Four of Al's six assists would come by way of Andrei Kirilenko. Could these two be finding a rhythm that could cause major problems for the opposition? It certainly appeared to be so last night.
Andrei was everywhere
Kirilenko is key to the Jazz's success. He's like glue to the team concept so important to their way of doing things. Not only was he diving on the floor for loose balls early in the contest, he also addressed two of the areas of concern for the ball club; perimeter shooting and rebounding.
We automatically cringe every time AK cocks and pops from range. His years of working one-on-one with perimeter shooting guru Jeff Hornacek haven't paid dividends in seasons past. But they are this time around.
With the loss of all-time 3-point-percentage shooter Kyle Korver we all worried about where the Jazz would find some consistent points from mid-to-long distance, hoping 41% career 3-shooter Raja Bell would be the one to pick up the slack, but he hasn't.
Andrei leads the team in 3-pt% so far this season on 2.0 attempts per-game hitting 61% of his tries. And while the mid-range jumper is still somewhat hit-or-miss, it is more consistent that it has been in years past. Throw in AK's 83% from the free throw line on 4.4 FTAs per-game and he's knocking down a more-than-respectable .596 True Shooting percentage.
Last night was also the first time in the 2010-2011 season that he's reached double-digits in rebounding, giving the team a much-needed boost with his first double-double of the season. That's a big deal for a squad that's had three players, Jefferson, Millsap, and Williams, garnering over 60% of the team's total rebounding by themselves.
The Hawks grabbed five offensive boards in the first quarter of the contest. Thanks in large part to AK they'd get only six more in the following three quarters of play.
Giving teams second-chance buckets has been a big problem for the Jazz this year, so arresting that alarming statistical category is a big deal. Al and AK would lead the team in defensive rebounds in the win over Atlanta with eight each.

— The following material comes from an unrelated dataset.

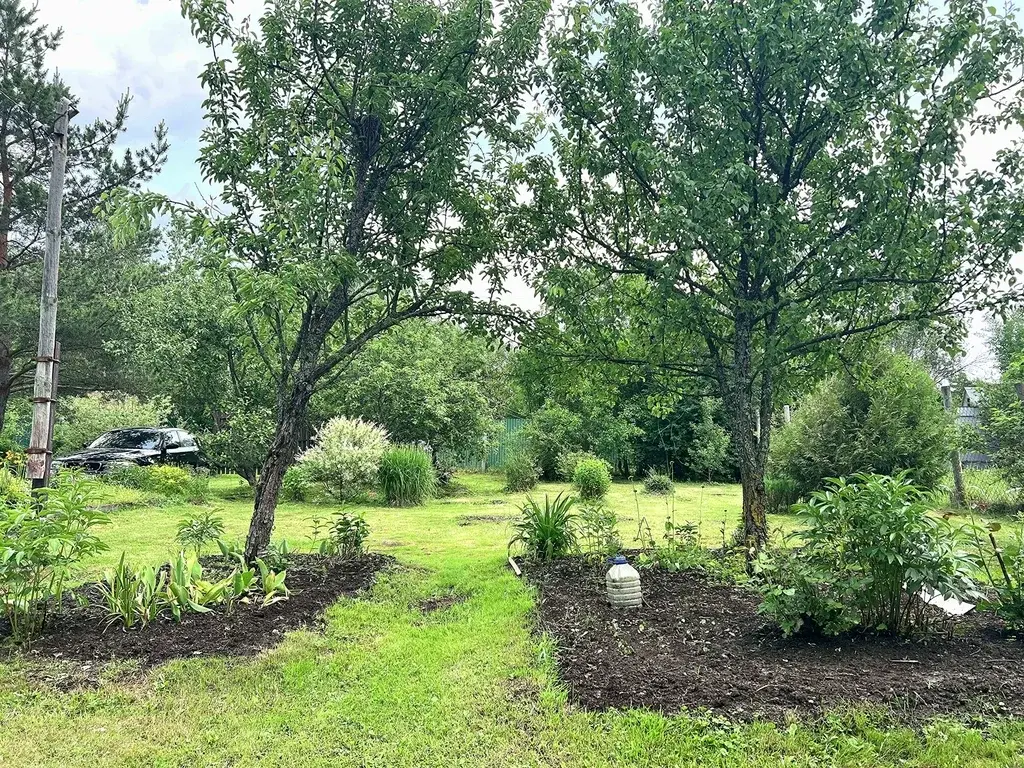 Дача в СНТ Алферовское - Фото 3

Andrei led the Jazz with 4 of their 15 offensive boards as Utah won the rebounding battle 43-41.
And there was one other critical area Andrei led the Jazz. He anchored an awesome performance from Utah's bench.
Jazz bench The Walking Dead no more
Something I noticed several games ago now was that the Jazz's bench was MIA. They were getting smoked every second they were out there and that didn't change until last night.
37 seconds into the 4th quarter the Hawks would take an eleven point lead.
Enter Earl Watson.
As has been the case for four straight games, a double-digit lead would be nothing less than the kiss of death for the opposition.
Over the next five minutes these second-stringers would beat down Josh Smith, Joe Johnson, and Al Horford to tie it up at 78 on an AK trey, giving the starters much-needed rest so that they'd have enough gas in the tank to finish off Atlanta.
While they weren't statistically outstanding last night, the Jazz's bench would combine for an astounding +38 last night, highlighted by Fesenko's +13, Miles' +10, Watson's +9.
Sloan has had to lean on the starters heavily thus far to get wins. It couldn't continue if the Jazz wanted to have anything left for a potential playoff run come spring. The bench has needed to step up and they finally did so.
Jerry has been searching for a combination that will work when the starters are sitting and he hit on a winning combo in this victory. However, don't expect him to keep trotting out the same guys game after game. He likes to mix and match his lineups based on several factors including man matchups and who has the hot hand. It also makes it a lot harder to scout for opposing teams if they're not sure what's coming.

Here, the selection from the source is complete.